Pour la défense du pouvoir d'achat et des services publics


Publié / Actualisé
À La Réunion, comme en métropole, les fonctionnaires sont descendus dans la rue. Ils étaient 300 selon les syndicats, 200 selon la police à manifester pacifiquement devant les grilles de la préfecture à Saiint-Denis ce jeudi 2 février 2006
À La Réunion, comme en métropole, les fonctionnaires sont descendus dans la rue. Ils étaient 300 selon les syndicats, 200 selon la police à manifester pacifiquement devant les grilles de la préfecture à Saiint-Denis ce jeudi 2 février 2006
En métropole, sept fédérations de la fonction publique avaient appelé à une journée nationale de grève et de manifestations. Les syndicats exigeaient une hausse des salaires au moins égale à l'inflation en 2006 (1.8%) alors que le gouvernement a décidé d'appliquer une hausse de 0.5% au 1er juillet prochain et de 0.5% à compter du 1er février 2007.

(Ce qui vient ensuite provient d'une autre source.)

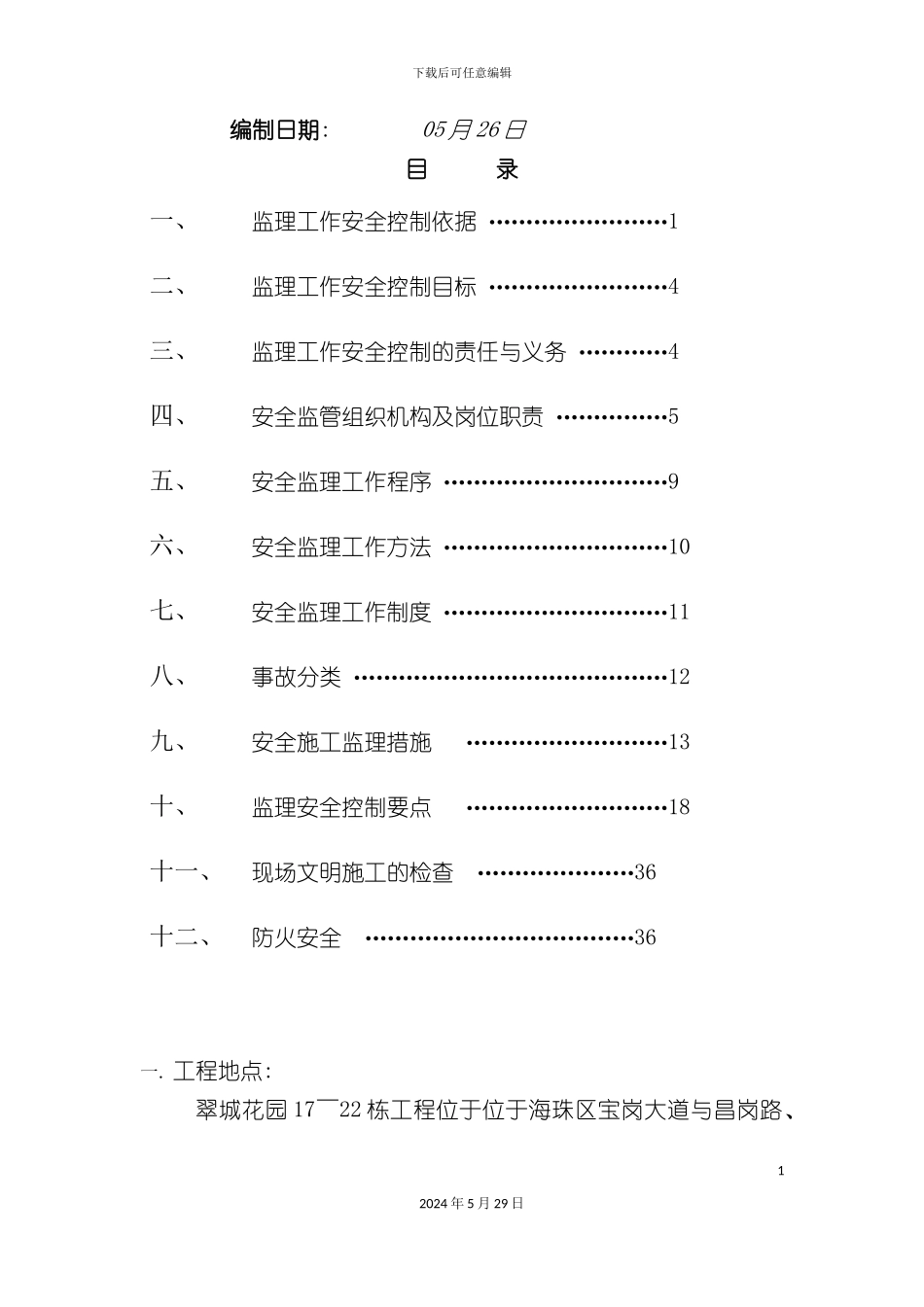 安全生产监理细则报双优_第3页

A la Réunion, l'intersyndicale CFTC-CFDT-CGTR-FO-FSU-UNSA-SAIPER et US Solidaires a réussi le tour de force de mettre 200 personnes dans la square de la préfecture, en pleine période de vacances. "C'était une manifestation symbolique, un geste de solidarité ", explique Ivan Hoarau, secrétaire général de la CGTR.
Les protestataires dénoncent également les restrictions budgétaires et les suppressions de postes, notamment dans l'Education nationale.
Pas de slogan choc, ni de banderoles... : les manifestants ont surtout brandi les drapeaux de leurs centrales syndicales sous les fenêtres du préfet, occupé à discuter avec la presse sur le chikungunya.
Le moustique a volé la vedette aux fonctionnaires mais les organisations syndicales ont tenu à déposer une motion à la préfecture. Dans leur motion, les organisations syndicales rappellent que les fonctionnaires vont perdre 1.55% sur leur traitement en 2006 après une perte de 5% sur la période 2000-2005.
Elles condamnent également, dans ce texte, la politique du gouvernement, en particulier en matière d'emploi. " Cette politique n'a pour seul but que la destruction des garanties statutaires (...) en instaurant plus de précarité dans les fonctions publiques ".
Le préfet et le secrétaire général de la préfecture étant en conférence de presse pour présenter le plan de lutte contre le chikungunya, les huit syndicats ont été reçus par le stagiaire de l'ENA (Ecole nationale d'administration) à la préfecture. "C'est honteux", a déploré un manifestant.